Джованни Баттиста Тьеполо. Америка. Деталь плафона над парадной лестницей Епископской резиденции. 1753. Вюрцбург

Честно сказать, проводя параллель между музыкой Баха и барочным интерьером, я испытывал некоторые сомнения. Но я с чистой совестью вспоминаю Георга Фридриха Генделя, стоя на парадной лестнице в Вюрцбурге. Удивительная закономерность: большие художники часто приходят в мир взаимодополняющими парами. Она столько раз наблюдалась в истории, что вряд ли ее можно объяснить одними стараниями симметрично мыслящих историков, скорее здесь кроется какая-то высшая необходимость уравновешивать человеческие способности. Так или иначе, два великих музыканта начала XVIII века, Бах и Гендель, идеально укладываются в эту схему противоположных и взаимодополняющих творческих личностей. Они родились в один год – 1685-й; оба испортили себе глаза, переписывая ноты, и к концу жизни ослепли; обоих оперировал (неудачно) один и тот же хирург. Но в остальном они были антиподы.

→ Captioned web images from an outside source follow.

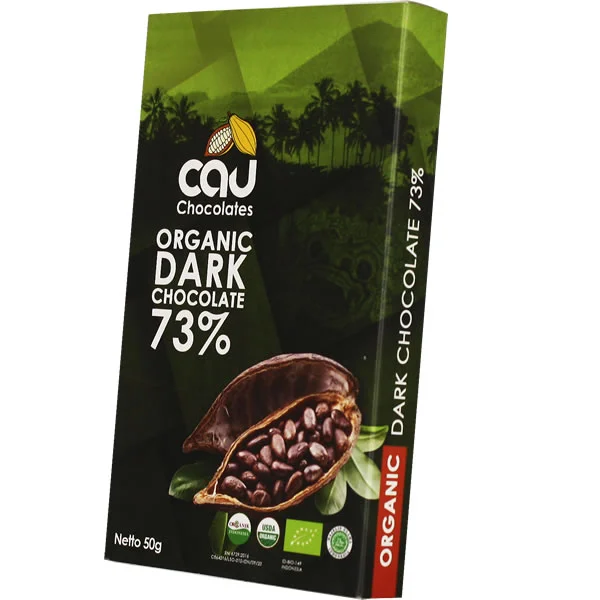 Organic Dark Chocolate 73% - 50 gr - Image 2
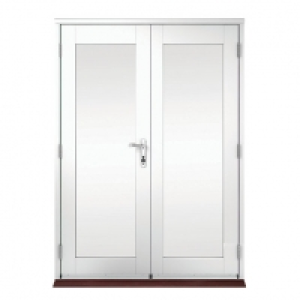 Wickes Derwent Softwood French Doors White Finish 4ft £899.00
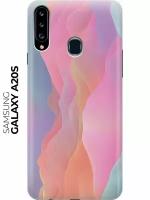 Силиконовый чехол Розовая дымка на Samsung Galaxy A20s / Самсунг А20с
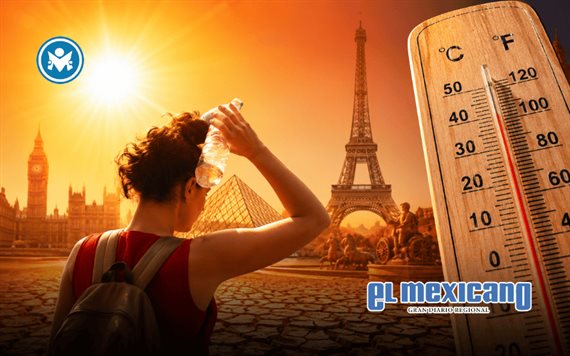 Europa sufre ola de calor r&eacute;cord en mayo; Francia reporta muertes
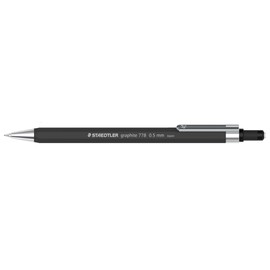 STAEDTLER Graphite 778 Mechanical Pencil, Hexagonal Axle, Cushioning, Rotational Eraser (0.5mm)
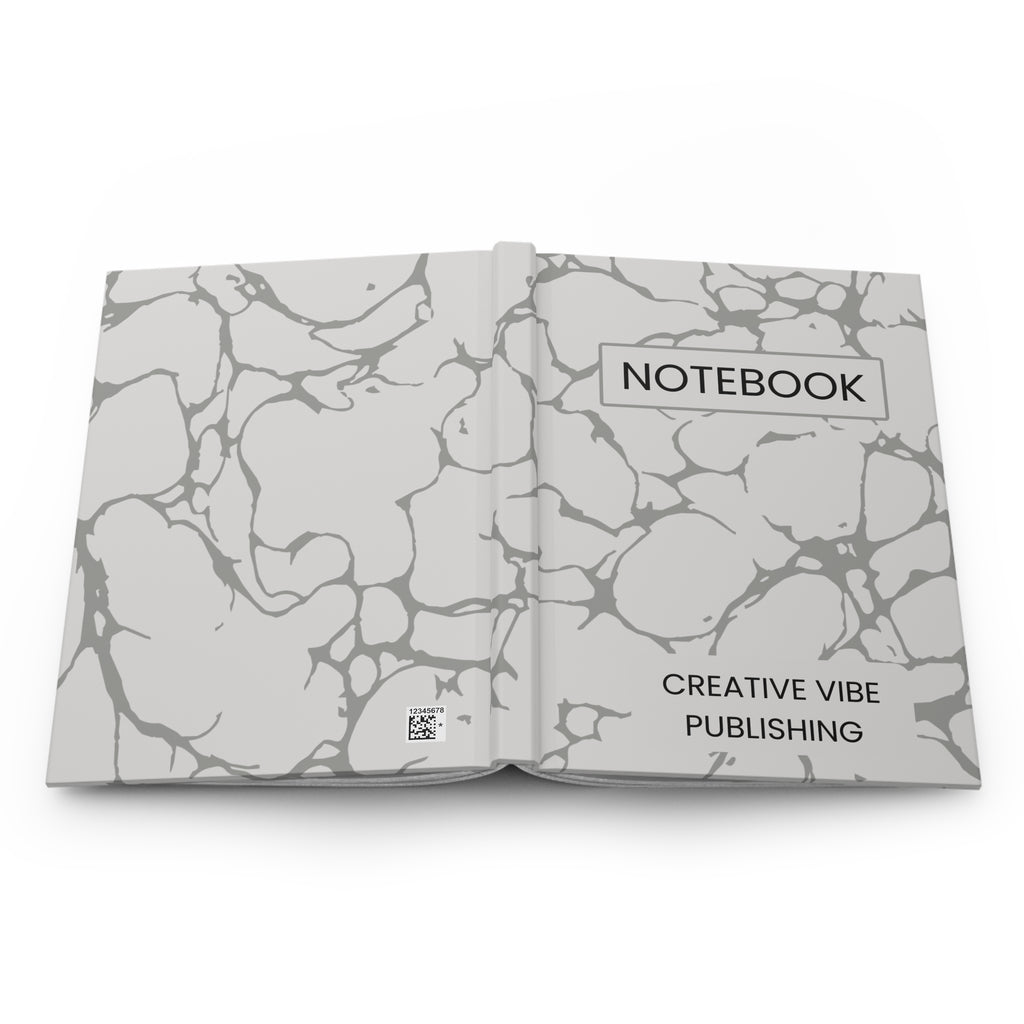 Marble Pattern Hardcover Journal — 'Notebook' Creative Vibe Publishing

В противоположность Баху с его вневременной универсальностью, Гендель полностью принадлежал своей эпохе. Бах довольствовался скромной карьерой органиста и трудился в поте лица, чтобы прокормить многочисленных детей, тогда как предприимчивый театральный импресарио Гендель сколотил и потерял не одно состояние. Статую Генделя работы Рубийака (ныне в Музее Виктории и Альберта) установили еще при жизни композитора благодарные владельцы лондонского увеселительного сада Воксхолл, где звучала его музыка, привлекавшая посетителей-меломанов. Вот он сидит, непринужденно закинув ногу на ногу, в домашних туфлях – одна на ноге, другая под ногой, – нимало не беспокоясь, сколько чужих мелодий он заимствует, лишь бы в итоге сложилось то, что надо. Должно быть, в молодости он умел очаровывать: чем еще объяснить, почему безвестный молодой виртуоз, едва прибыв в Рим, был с распростертыми объятиями принят светом, а кардиналы принялись снабжать его текстами собственного сочинения, дабы он положил их на музыку? Следы былой красоты и сегодня видны на его мраморном лице. Позже, когда Гендель обосновался в Англии и погрузился в мир оперного театра, он уже не очень старался всем нравиться: если верить известной байке, однажды во время репетиции он схватил в охапку примадонну и, подойдя к раскрытому окну, пригрозил выкинуть ее вон, если она не споет, как написано в нотах[130]. Всю жизнь он хранил верность стилю итальянского барокко. Соответственно, его музыка прекрасно сочетается с декоративными росписями Тьеполо, в которых при желании можно обнаружить романтические псевдоисторические сюжеты его опер. Самое поразительное, что этот композитор, мастер протяженных, расцвеченных фиоритурами мелодий и энергичных хоров, стоило ему перейти от оперы к оратории (которая, в сущности, представляет собой духовную оперу), стал создателем бессмертной религиозной музыки. «Саул», «Самсон», «Израиль в Египте» – не только кладезь восхитительных мелодических и полифонических открытий, но и свидетельство того, что автору ведомы потаенные глубины человеческого духа. Ну а «Мессия» – вообще особый случай. Это как «Сотворение Адама» Микеланджело: одно из тех редких произведений, которые покоряют всех и сразу, являясь при этом неоспоримым шедевром высшей пробы.

Я назвал Генделя барочным композитором, а Неймана – лучшим архитектором северного барокко. Почти с таким же успехом я мог бы отнести обоих к стилю рококо, поскольку в Вюрцбурге эти понятия пересекаются, хотя на самом деле их следует различать как некие этапы в истории цивилизации. Барокко, даже в его специфическом немецко-австрийском изводе, – исконно итальянское изобретение. Оно возникло в ответ на чаяния Католической церкви, пожелавшей усилить воздействие на эмоции верующих, и потому перво-наперво преобразило религиозную архитектуру. Рококо – изобретение больше парижское, провокационно-светское. В нем выразилась, если говорить упрощенно, реакция на тяжеловесный классицизм Версаля. Рококо вдохновлялось не статичными ордерами Античности, а природными формами с их свободной и прихотливой линией – раковинами, цветами, морскими водорослями, – особенно если эта прихотливость имела вид завитка. Иными словами, рококо – протест против академизма, но протест, который не сводился только к отрицанию. Этот стиль означал шаг вперед в совершенствовании чувствительности, в нем воплотились новая свобода ассоциаций и способность различать новые, более тонкие оттенки чувства.